Weshalb ist der Himmel blau?
Es ist eigentlich schön so. Wenn das Gras so grün ist, sollte eigentlich der Himmel nicht auch noch grün sein. Es ist doch schöner, wenn er blau ist.

Weshalb regnet es eigentlich bei uns?
Damit das Zeug wachsen kann, oder so. – Wenn es gar nie regnen würde, könnte das Zeug ja nicht wachsen. Dann könnten wir verhungern.

Das Kind kommt bei beiden Warum-Fragen wiederum nicht auf die Idee, sie kausal zu deuten. Es versteht sie final: Wozu? Es geht ihm um Sinn und Zweck, nicht um Ursachen. Auch in dieser Denkfigur zeigt sich das kindliche Ahnen eines übergreifenden Sinnes der Schöpfung und des Daseins.

Weshalb fällt der Stein zu Boden?
Er geht auf den Boden hinunter. Er ist zu schwer, um oben bleiben zu können.

Er könnte auch hinauf zum Himmel gehen?
Nein, nein!

Die Schwere eines Gegenstandes wird nicht weiter hinterfragt, sondern als ein wirkendes Faktum erlebt und anerkannt. Manuela versteht darum den Einwand des Seminaristen überhaupt nicht und stellt ihn in Abrede, ohne einzusehen, dass dies noch einer weiteren Begründung bedürfte.

Sibylle

Was gefällt dir an der Schule am besten?
Schreiben und Rechnen.

Was gefällt dir am wenigsten?
Lesen und Spiele machen.

Welche Spiele?
Also, mit Hüpfen, Springen und so. Da wird man ja müde, dann muss man nachher wieder Spiele machen, und dann bin ich nachher noch mehr müde.

Was machst du am liebsten in der Schule?
Reden mit dem Fräulein. – Noch lesen, einfach. Und mehr nicht.

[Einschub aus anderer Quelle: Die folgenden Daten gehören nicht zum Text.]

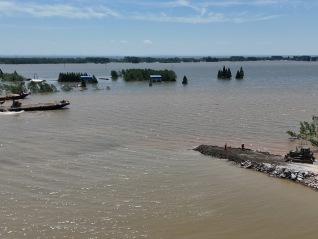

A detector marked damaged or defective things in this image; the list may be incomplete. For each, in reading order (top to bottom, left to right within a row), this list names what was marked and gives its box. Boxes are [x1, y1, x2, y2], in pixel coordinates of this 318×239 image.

damaged embankment [194, 146, 318, 190]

Was tust du gar nicht gerne?
Springen.

Im Turnen?
Ja, im Turnen. – Ich habe schon einmal beim Springen das Bein gebrochen. Jemand hat mir den Haken gestellt, und dann bin ich umgefallen und habe das Bein gebrochen.

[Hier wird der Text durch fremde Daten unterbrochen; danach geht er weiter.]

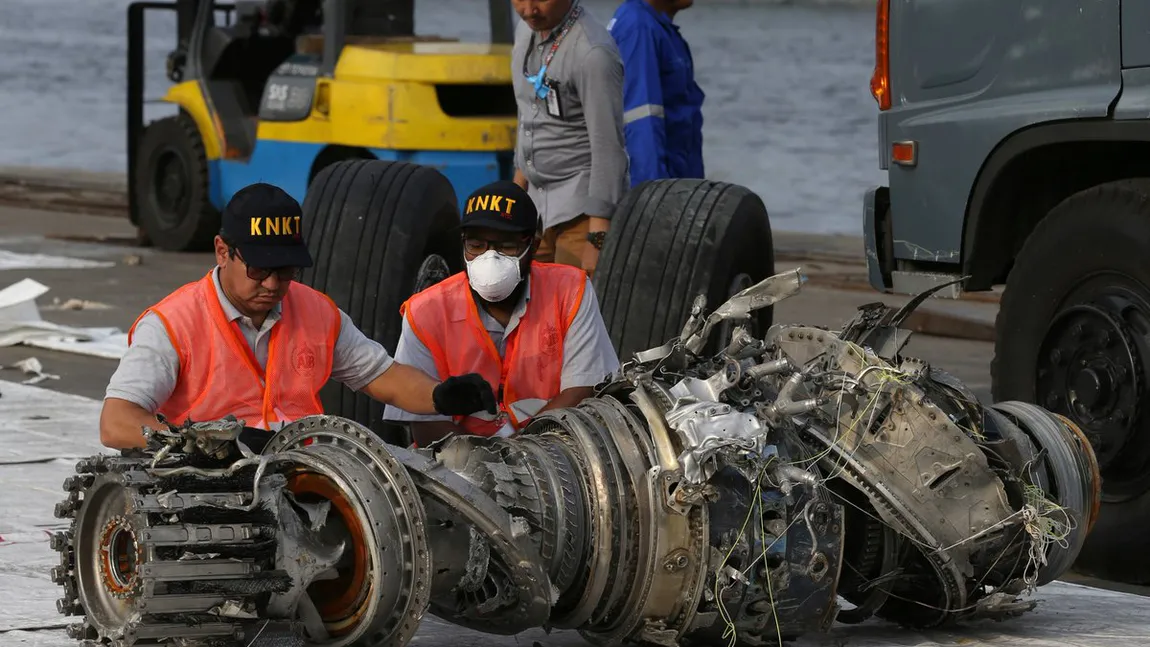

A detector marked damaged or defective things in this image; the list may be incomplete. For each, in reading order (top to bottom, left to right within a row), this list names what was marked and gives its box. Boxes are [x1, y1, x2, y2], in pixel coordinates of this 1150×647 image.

crashed jet engine [49, 270, 1104, 647]
damaged turbine [49, 270, 1104, 647]
charred metal component [54, 270, 1104, 644]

Hier dürfte die Erklärung liegen für die an sich untypische Abneigung gegen die Bewegung.

Hast du auch Freundinnen oder Freunde in deiner Klasse?
Ja, Nicole. Im ganzen habe ich zwei. Ein Mädchen und einen Knaben.

In diesem Alter ist es völlig normal, dass Knaben mit Mädchen befreundet sind. Die Distanzierung erfolgt im allgemeinen erst auf der Mittelstufe.

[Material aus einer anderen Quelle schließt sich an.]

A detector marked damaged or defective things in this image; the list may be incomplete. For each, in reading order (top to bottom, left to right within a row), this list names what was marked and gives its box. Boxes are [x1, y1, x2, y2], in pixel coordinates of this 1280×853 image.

Wie lange seid ihr schon befreundet?
Schon lange. Schon seit dem Kindergarten.

Gibt es in eurer Klasse auch eine Art von kleinen Gruppen?
Ja. Ich bin auch in einer solchen Gruppe dabei.

Verändern sich diese Gruppen?
Nein.

Es ist nicht anzunehmen, dass Sibylle den Sinn der Frage verstanden hat. Das zeigt auch die Antwort auf die nachfolgende Frage.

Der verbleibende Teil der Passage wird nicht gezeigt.